Looking forward to the release.


----------



## Mornats (Sep 7, 2018)

Mikael Adle said:


> Looking forward to the release.



Looking forward to your soundsets for Massive X!


----------



## Mikael Adle (Sep 8, 2018)

@Mornats.
Cool, good to hear.

It looks very different. Hopefully the main concept is left intact but with massively added features and possibilities.
Future will tell.


----------



## JPQ (Oct 8, 2018)

Mikael Adle said:


> @Mornats.
> Cool, good to hear.
> 
> It looks very different.

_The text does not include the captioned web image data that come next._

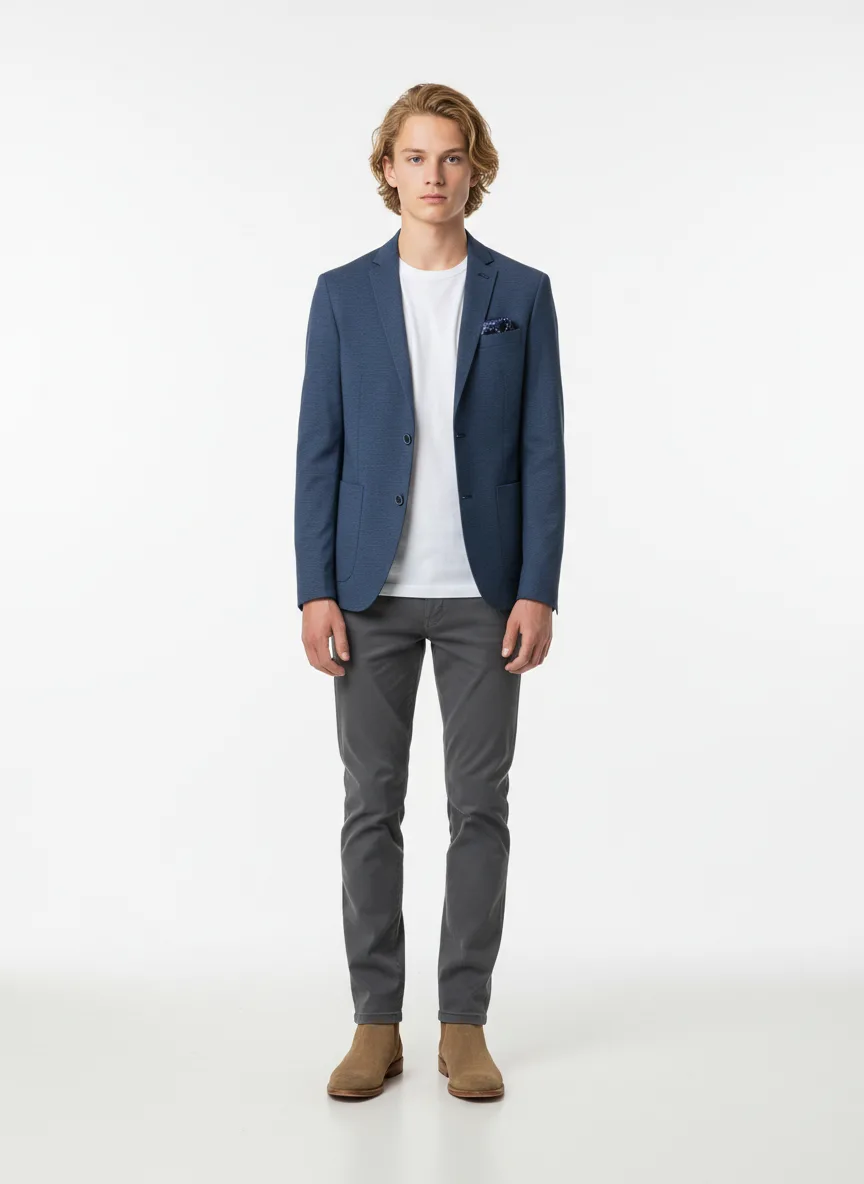 Outfit Idea for 18 year old Boy, Thin body-type, Light skin, Blonde hair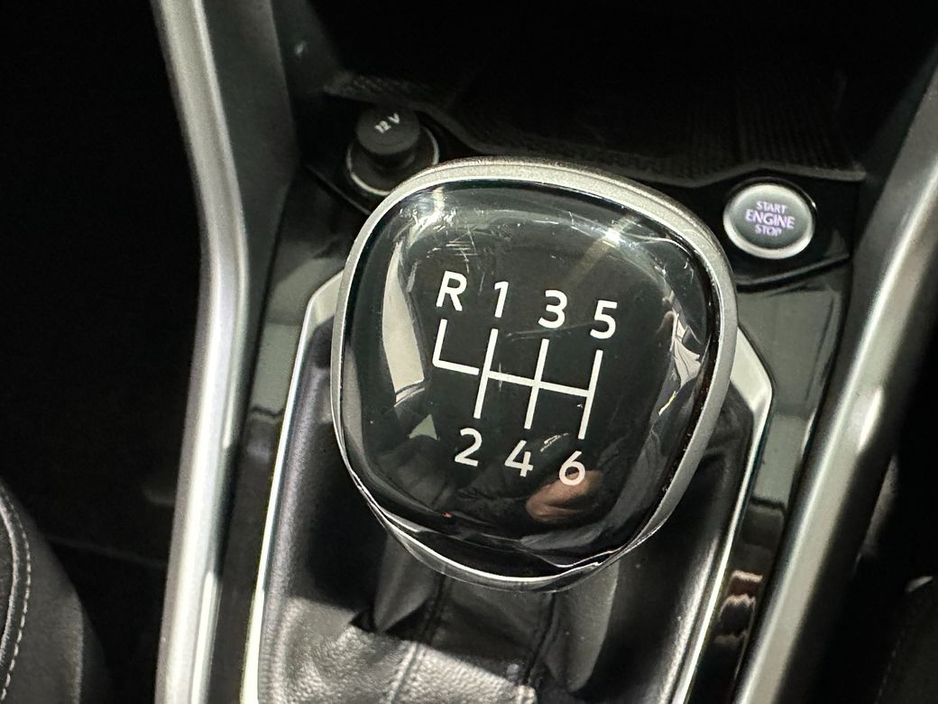 2025 Volkswagen T-Roc - image 23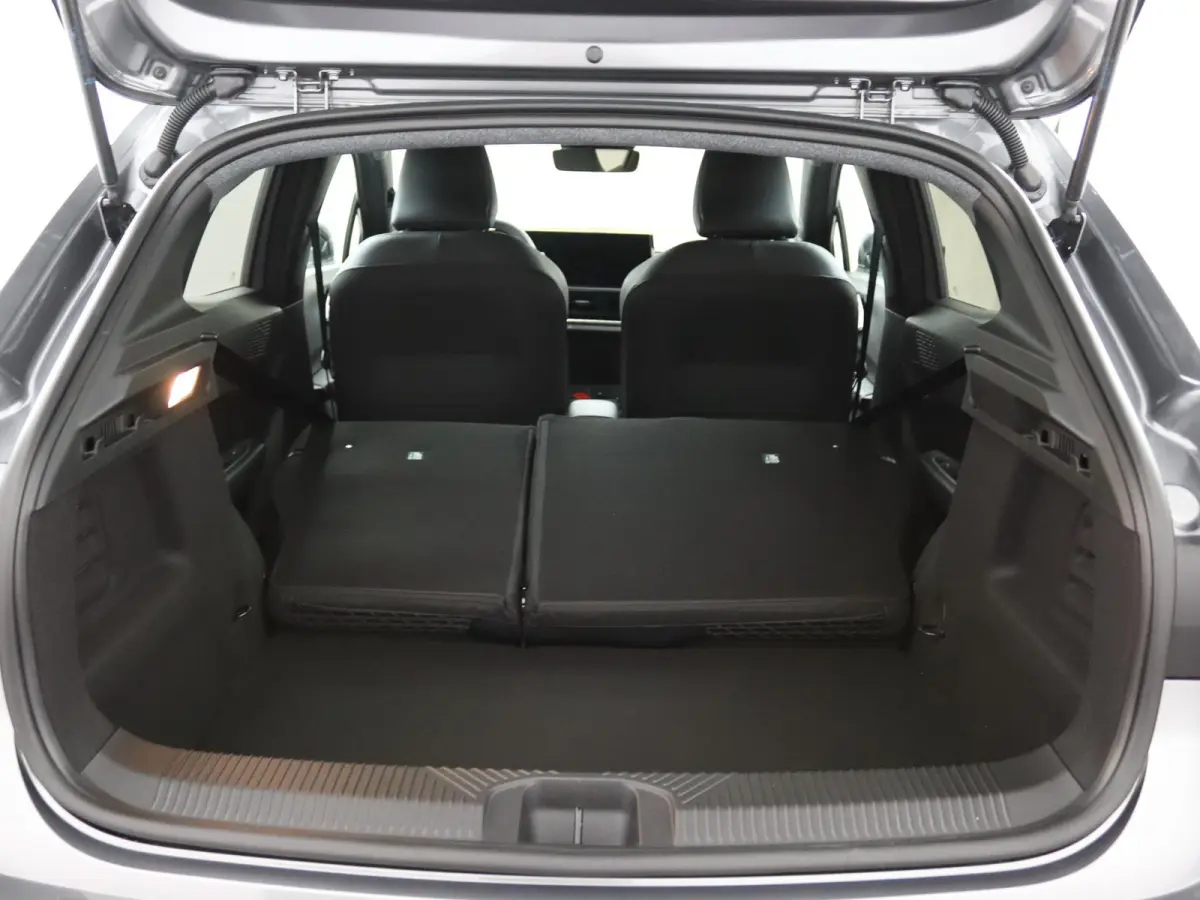 techno full hybrid E-Tech 160 pk | lichtmetalen wielen 18""rythmic" |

Hopefully the main concept is left intact but with massively added features and possibilities.
> Future will tell.


or they dont replace each other like they coexits.


----------



## Mornats (Oct 8, 2018)

I attended a Native Meetup this weekend and the people there are thinking that Massive X will run concurrently with Massive as a product.


----------



## EvilDragon (Oct 8, 2018)

It IS going to be like that.


----------



## redlester (Oct 11, 2018)

The web page for Massive X, which has been there since the day it was announced, features this statement:

*MASSIVE X is an addition to the MASSIVE family, and will exist side by side with the original instrument.*

I think a lot of people missed that judging by many of the converstations on this and other forums.


----------